The monsoon season is underway, with its heavy winds and long rain showers. It has made life more miserable for tsunami victims who haven't been able to find homes of their own and are living in Weligama's temporary camps.
For Chathura, the rain isn't the only problem. The Sri Lankan army stopped guarding the camp he lives in two weeks ago, and security has deteriorated.
The camp was built by the Ministry of Fisheries in the Pelena neighborhood. Chathura and his father moved in about a month after December's tsunami destroyed their home, and considered it a step up from the camp where they had been living near Weligama's school.
The Pelena camp's temporary homes have a gap between their corrugated metal walls and sheet metal ceilings. When the rains started, camp residents tried to keep dry by sealing the gap with mats, plastic sheeting and even bed sheets. It has not been very effective.

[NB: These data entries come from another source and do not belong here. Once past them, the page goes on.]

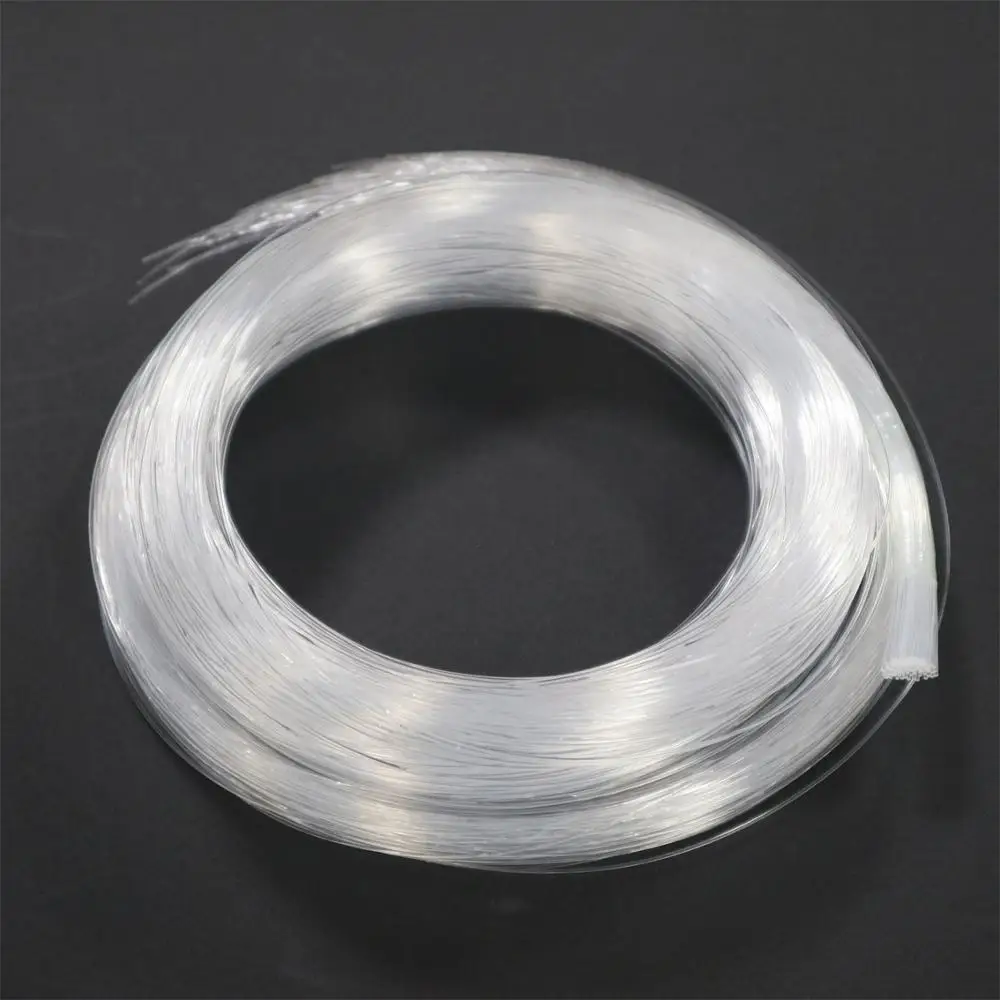 

Hot sale 0.75mm End light PMMA Optic Fiber for lighting decoration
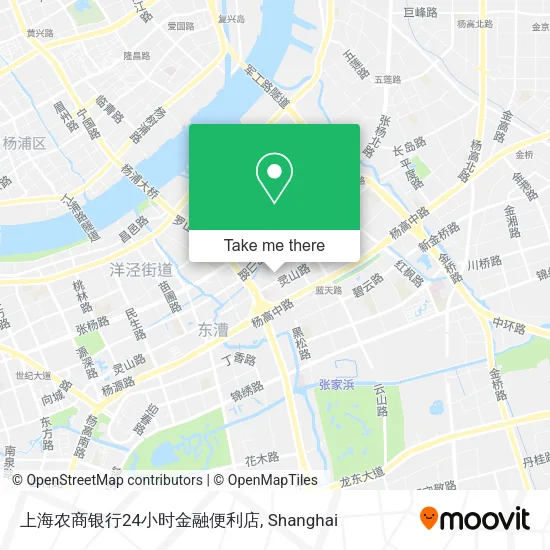 上海农商银行24小时金融便利店 map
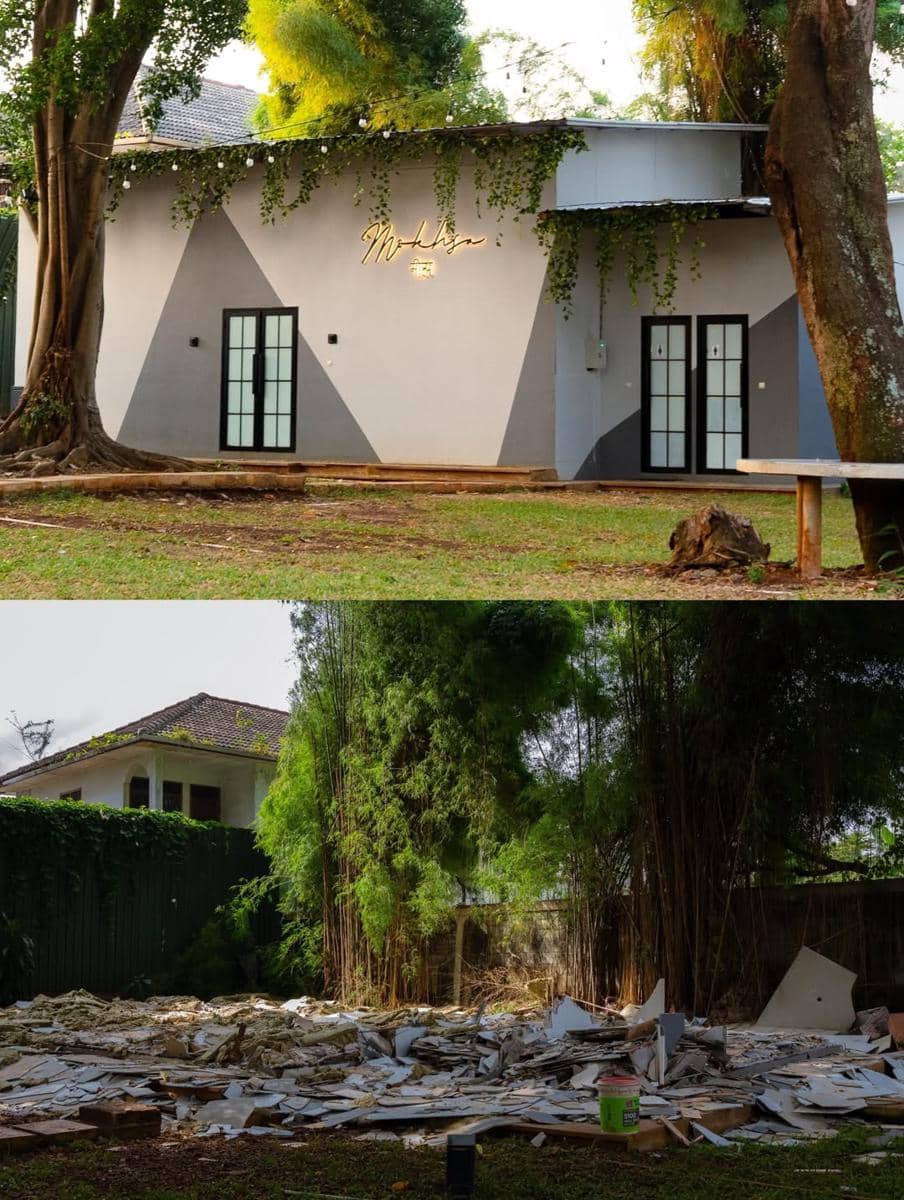 Cinta Laura menunjukkan kantor pribadinya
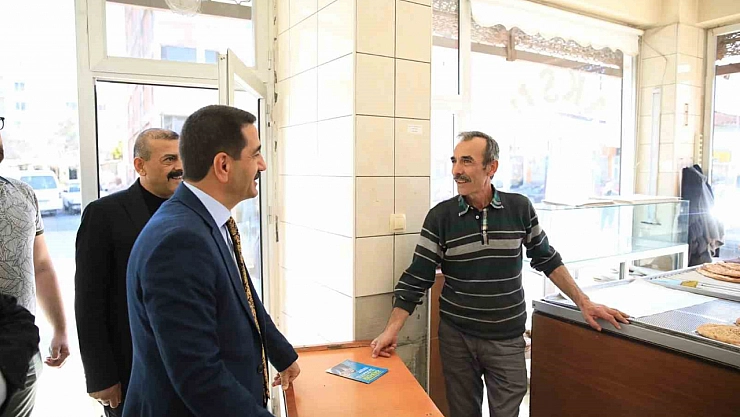 İlk iş çarşıyı tamamlamak..!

When it isn't raining, the days are humid and very, very hot -- around 40 degrees centigrade (104 degrees fahrenheit). Fans aren't much help, so some residents have placed coconut leaves on top of the galvanized roofs. That has brought the temperature down a few degrees, but it is still very unpleasant.
A more serious problem is the Sri Lankan army's recent decision to stop guarding the camp, according to Chathura and his father.
The guards had generally kept order in the camp, forbidding the use of alcohol and not permitting people to enter or leave after 10 p.m. Since the army pulled out, drunks in the camp have become a nuisance and sometimes start fights. Chathura and his father go inside their small room when there are fights and lock the door. "We don't want to be a part of that kind of activity," says Chathura's father, a tractor driver.
There is also less water available for washing in the camp, because nonresidents have begun to take water that the guards had reserved for residents. "They just come in early in the morning and take it," said Chahura's father. "We don't have enough water to shower. At my own home I could shower whenever I wanted. Here, there isn't even enough water."
Chathura's father says that the government promised to rebuild his home after the tsunami, but has not delivered.